Problem to solve: Copy the lines below exactly. No picture goes into the copy.

Material provided:
_____

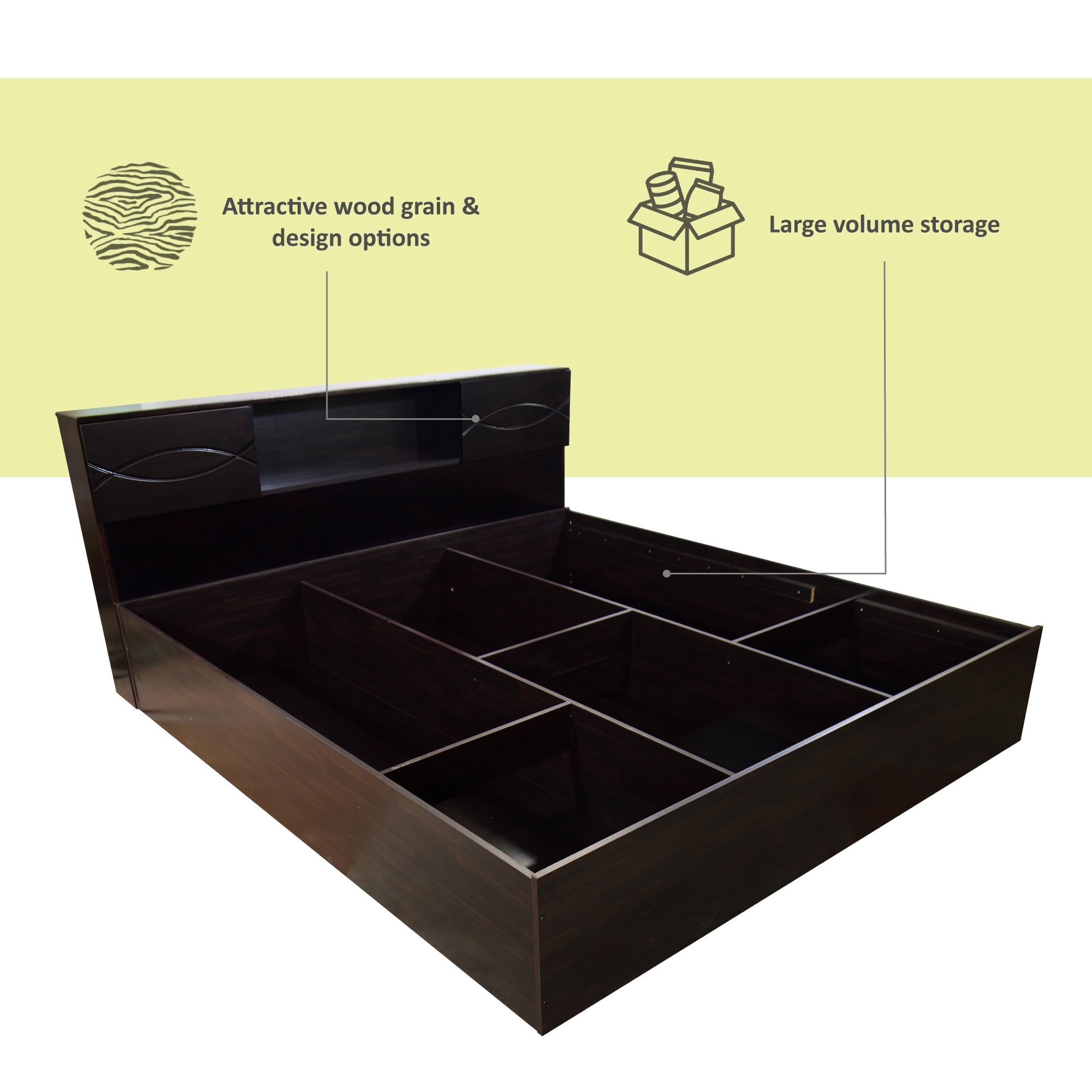 Euthenia Bed – Solid Wood Headboard with Box Storage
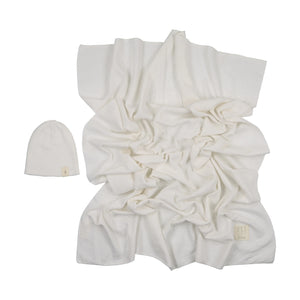 Knit Swaddle + Beanie Set | Ivory | Peluche | SS26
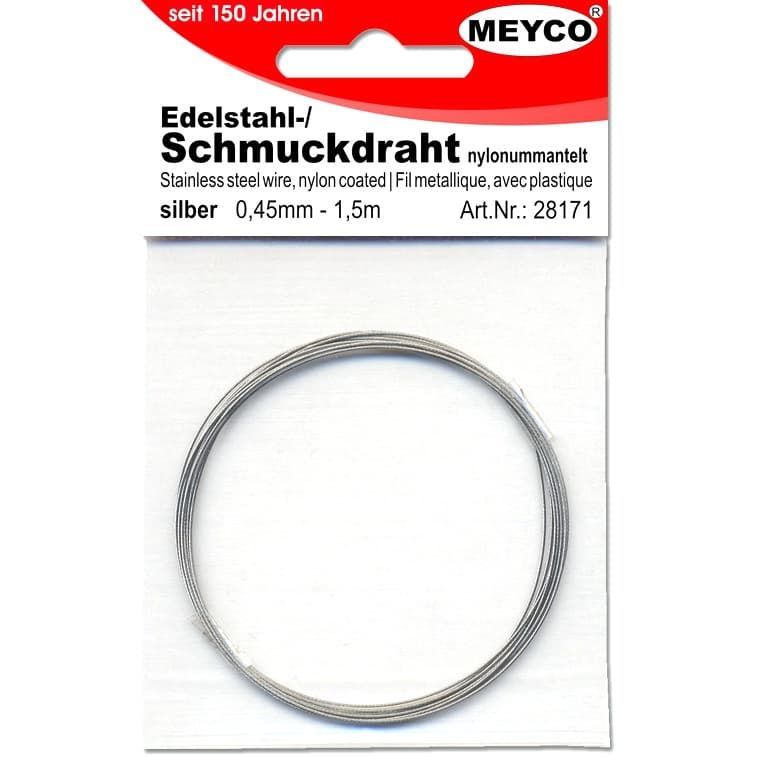 Meyco Silver Jewellery Wire 0.45mm x 1.5m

_____

Problem solution:
 Euthenia Bed – Solid Wood Headboard with Box Storage
 Knit Swaddle + Beanie Set | Ivory | Peluche | SS26
 Meyco Silver Jewellery Wire 0.45mm x 1.5m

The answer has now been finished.